4. Maintenance
We periodically need to do maintenance on HPC3 and storage nodes when all users are logged out and all jobs are stopped.
- There can be multiple few reasons for the maintenance, for example:
Operating System upgrade
ZFS/DFS servers upgrade
Slurm server upgrade
BIOS upgrade
- Before the maintenance:
We send email notification to all users specifying the expected start/end time and other relevant information specific to the maintenance.
All queues have default time limit, see Available CPU partitions. As the maintenance period approaches, submitting with the default time limit will affect more jobs.
Attention
If you are submitting jobs that are not guaranteed to finish before the maintenance start time, the jobs will be held in the queue.

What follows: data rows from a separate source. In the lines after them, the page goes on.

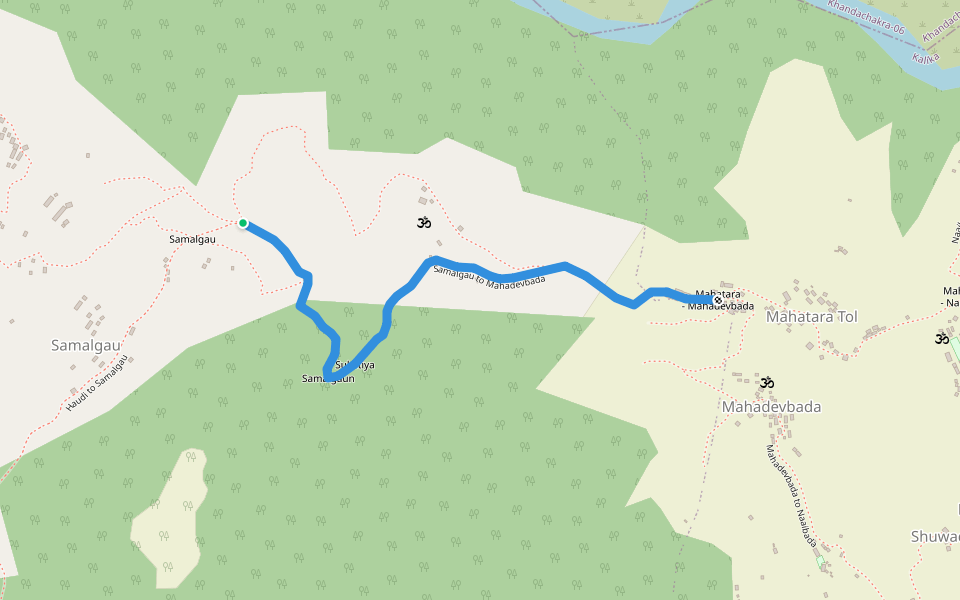 Samalgau to Mahadevbada walking route map in Dahafatgaun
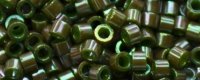 TOHO Aiko Precision Cylinder Bead. Olive Lined Emerald Iris TB-1628 (image for) TOHO Aiko Precision Cylinder Bead. Olive Lined Emerald Iris TB-1628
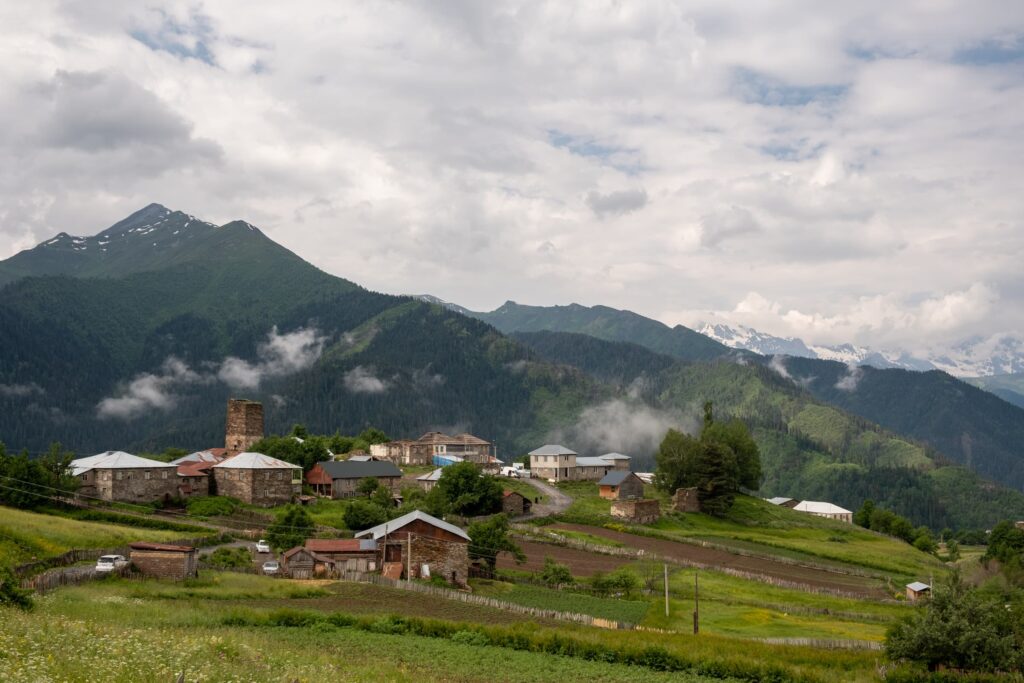 The tiny village of Tsvirmi and surrounding peaks after a heavy storm, Svaneti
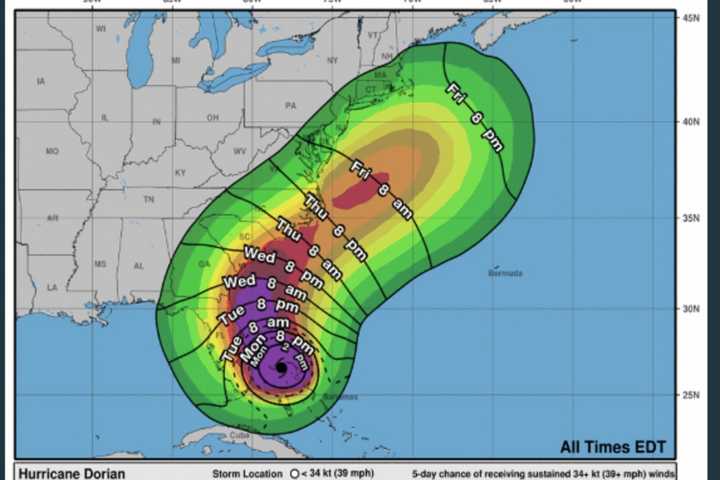 Tracking Dorian: Hurricane Could Bring Tropical Storm-Force Winds To Area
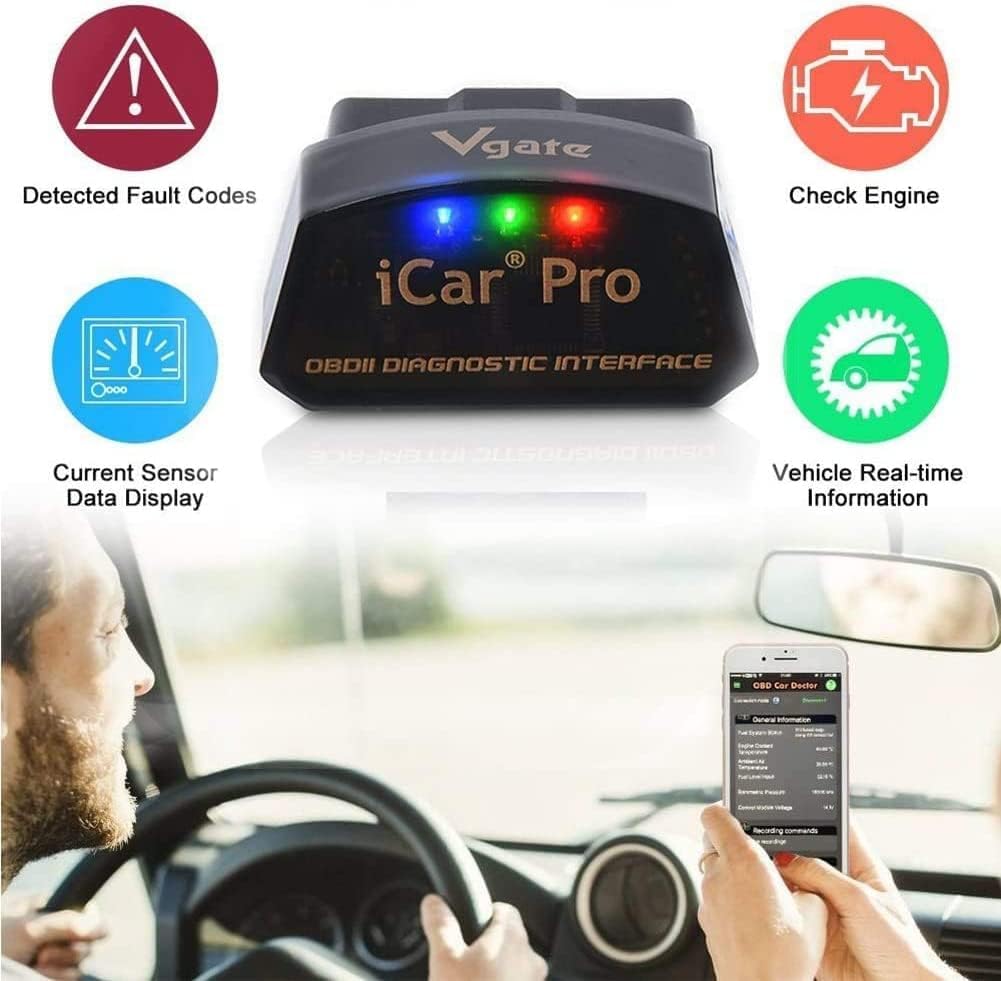 Vgate iCar Pro BLE 4.0 OBD2 diagnosverktyg Felkodsläsare OBDII-kompatibel biladapter Kontrollera motorlampa för iOS, Android och Windows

If you want to run something before the maintenance, resubmit your job with a shorter runtime so that your job ends before the mainteenance starts, see Runtime.
Check the status of your submitted jobs and remove all that are held due to the maintenance or are in CG state.
- During the maintenance:
All logins are disabled.
All queued jobs are stopped.
No jobs can be running.
We will endeavor to keep queued jobs during the Slurm upgrade.
Please do not send us emails or tickets asking when the cluster is available. We are doing everything we can to make the maintenance as short as possible considering the tasks at hand. You will be notified when the cluster is available.
- After the maintenance:
We send email to all users telling when logins and jobs can resume.
It is possible that any held jobs may need to be resubmitted after HPC3 is returned to service. Check your jobs status.